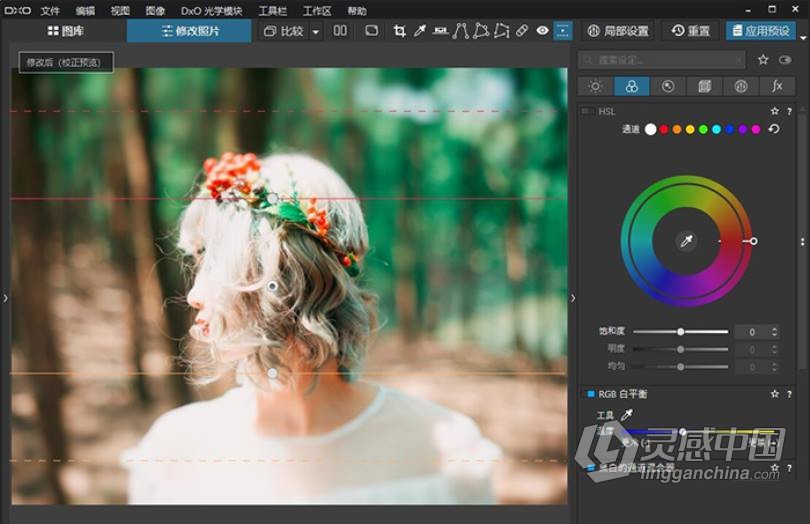 DxO PhotoLab 4汉化版|顶级智能降噪软件DxO PhotoLab 4.2.0 Build 4522 WIN中文版  灵感中国网 www.lingganchina.com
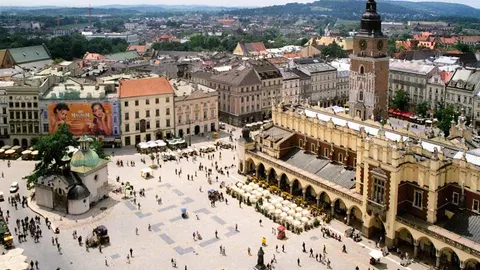 Cracovia, la ciudad del dragón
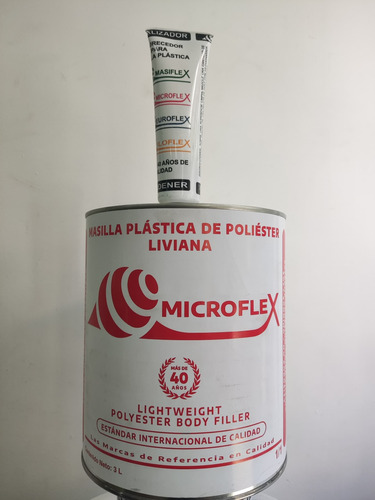 Masilla Plástica Microflex Galón 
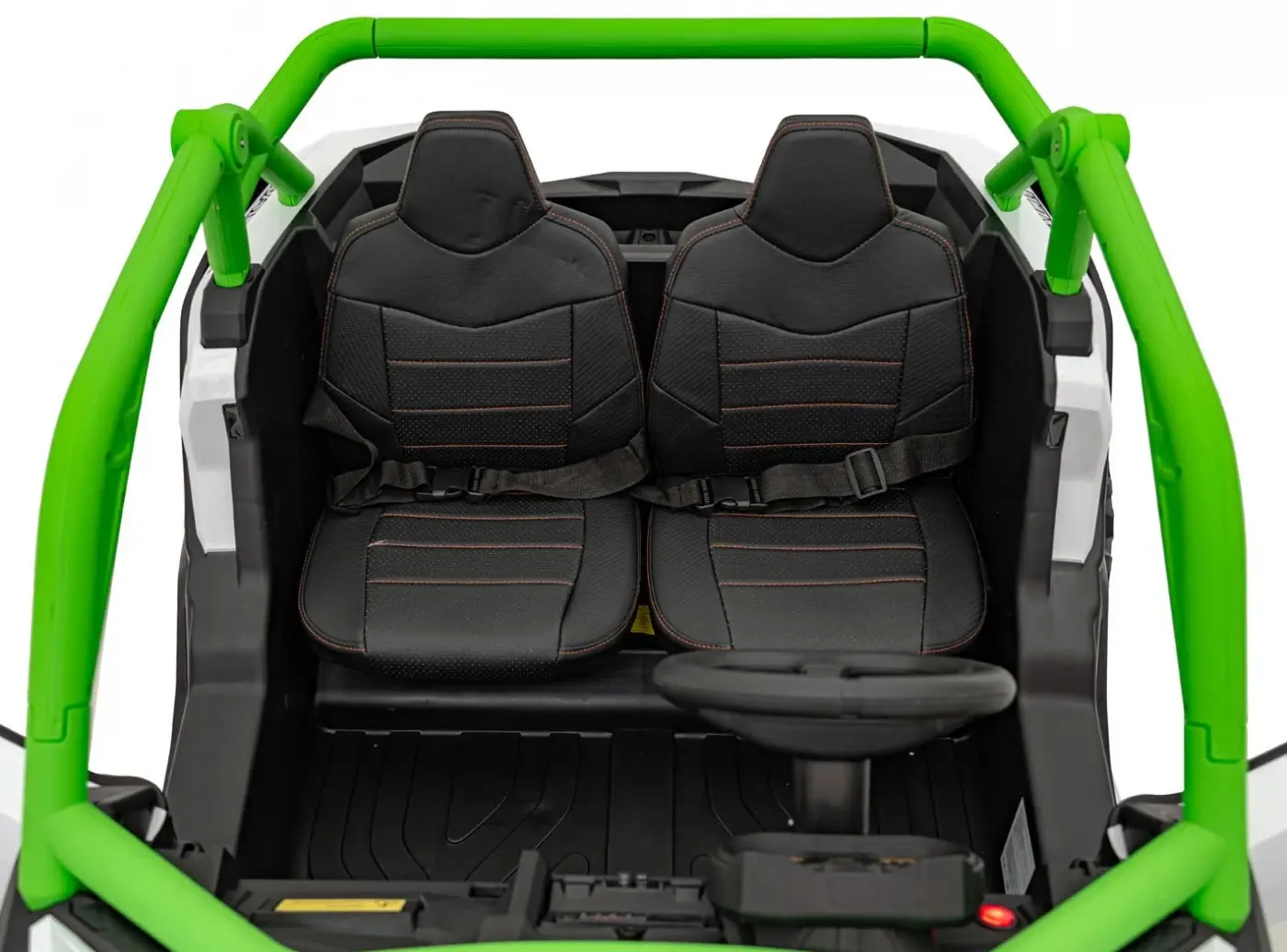 Masinuta electrica Ramiz SR Super 66 (Green)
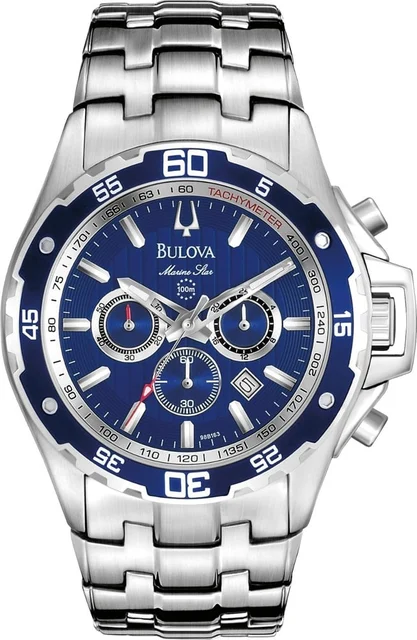 Bulova Marine Star 98B163 kol saati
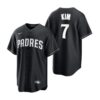 San Diego Padres Ha-Seong Kim Tan Alternate Replica Jersey
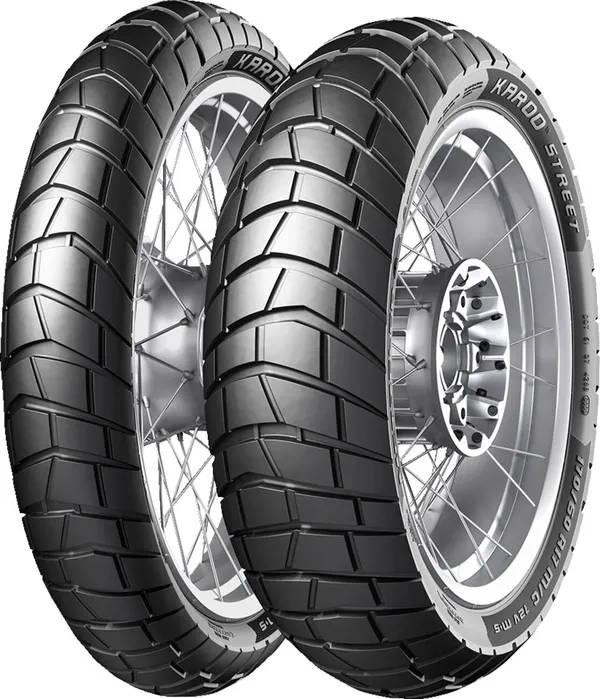 Pneu Metzeler Karoo Street 140/70-17 M/C 66S TL - vue 2
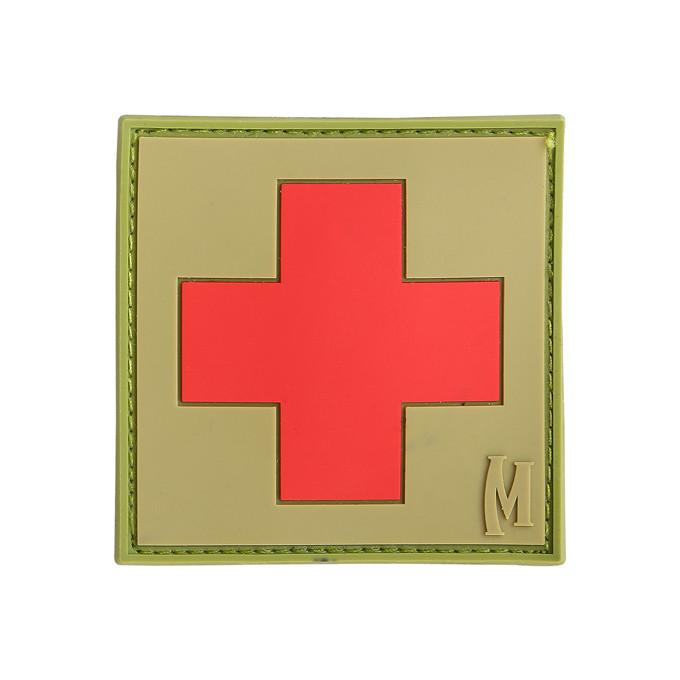 maxpedition-medic-morale-patch-large-pvc-patch-swat-2-zoll image 2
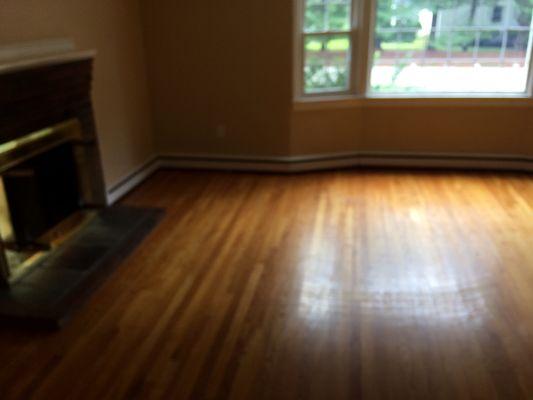 Hardwood floors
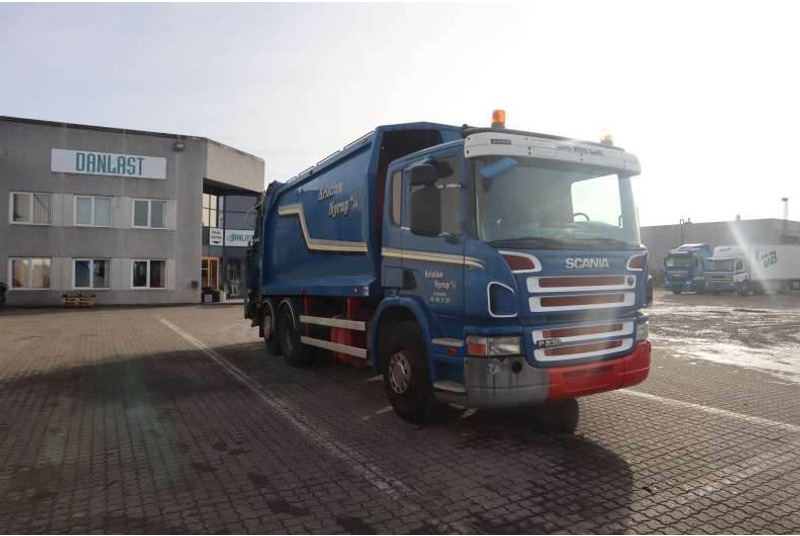 Scania P230 6X2*4 Skraldebil/Müllwagen/Garbagetruck - شاحنة: صور 2 Scania P230 6X2*4 Skraldebil/Müllwagen/Garbagetruck - شاحنة: صور 2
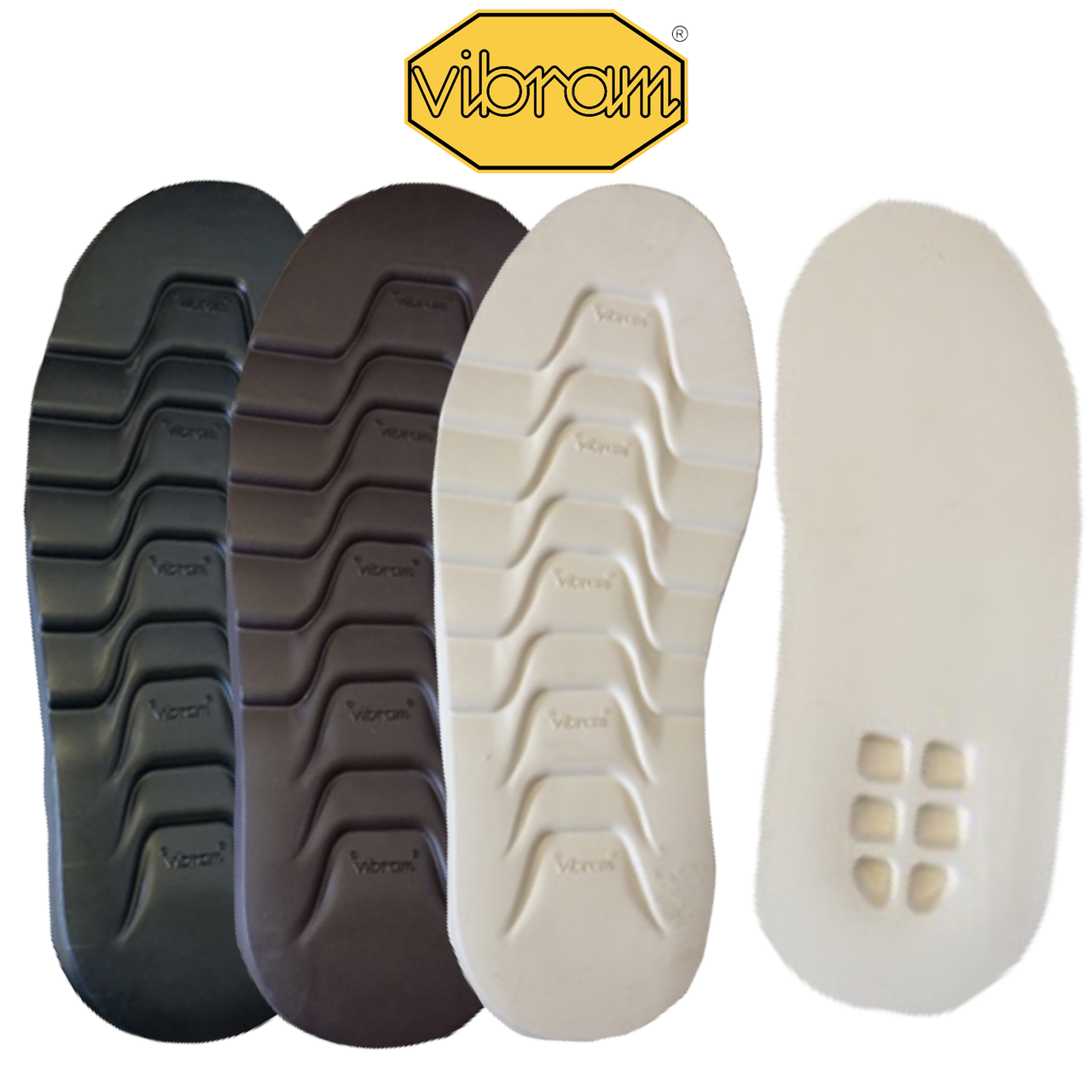 

Подошва Vibram 8390 ARABIS (3 цвета на выбор, р. 35-46) Черный, 39-42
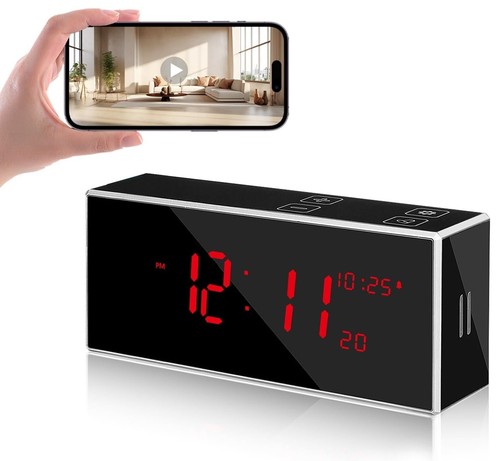 Camara espia oculta reloj - espia,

Aim of the exercise.
A word-for-word reprint of the listing above is needed, minus the pictures.

Exercise output.
 DxO PhotoLab 4汉化版|顶级智能降噪软件DxO PhotoLab 4.2.0 Build 4522 WIN中文版  灵感中国网 www.lingganchina.com
 Cracovia, la ciudad del dragón
 Masilla Plástica Microflex Galón 
 Masinuta electrica Ramiz SR Super 66 (Green)
 Bulova Marine Star 98B163 kol saati
 San Diego Padres Ha-Seong Kim Tan Alternate Replica Jersey
 Pneu Metzeler Karoo Street 140/70-17 M/C 66S TL - vue 2
 maxpedition-medic-morale-patch-large-pvc-patch-swat-2-zoll image 2
 Hardwood floors
 Scania P230 6X2*4 Skraldebil/Müllwagen/Garbagetruck - شاحنة: صور 2 Scania P230 6X2*4 Skraldebil/Müllwagen/Garbagetruck - شاحنة: صور 2

Подошва Vibram 8390 ARABIS (3 цвета на выбор, р. 35-46) Черный, 39-42
 Camara espia oculta reloj - espia,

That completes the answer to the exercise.